With more than 20 assays on the Panther and Panther Fusion platforms, Hologic’s molecular diagnostics business still has more room to grow, while its Genius digital cytology platform holds strong potential to stabilize the Cytology business and drive growth. In Breast Health, the company holds close to 80% of the U.S. market with its 3D Genius mammography machine and plans to launch its next-generation gantry, Envision, in 2026. Hologic has deliberately focused on enhancing its processes, capabilities and leadership in the service business in recent years, which is helping strong margin gains. Furthermore, the Surgical division continues to expand both organically and inorganically, supported by an extensive sales channel.
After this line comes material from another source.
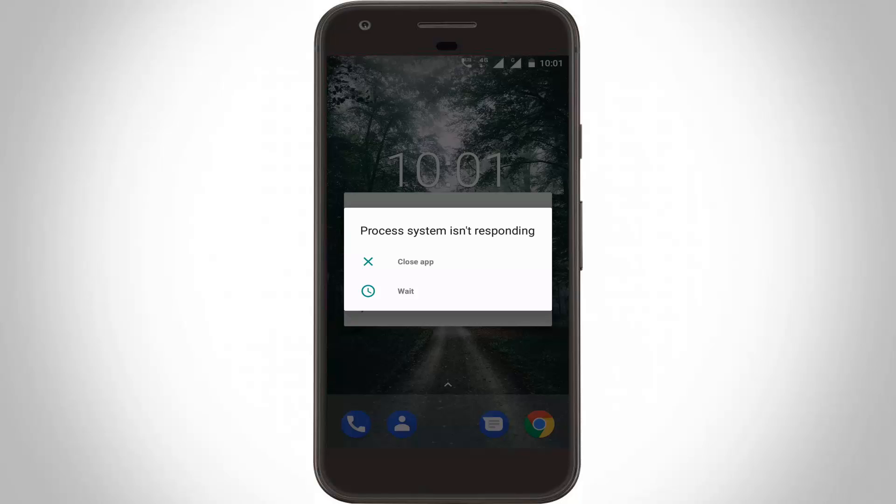Hello friends and welcome to Theta Box. Today I'm addressing my new Nokia 3, which shows the error 'Process system is not responding.' How to fix this error? This type of error occurs due to a large number of apps running in your background.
Hologic’s recent acquisitions of early-stage companies like Endomagnetics and Gynesonics reflect the strength of its balance sheet. With industry-leading operating margins in the low 30s, the company continues to generate consistently strong cash flows, aiming for $1 billion annually. Hologic aims to sustain its double-digit earnings growth through a combination of steady mid-single-digit top-line growth, operating margin expansion, and a balanced mix of acquisitions and share buybacks. Top cash-generating brands such as Panther, Aptima, Genius and Myosure are most likely to anchor this performance, allowing Hologic to reinvest in innovations and expand its offerings.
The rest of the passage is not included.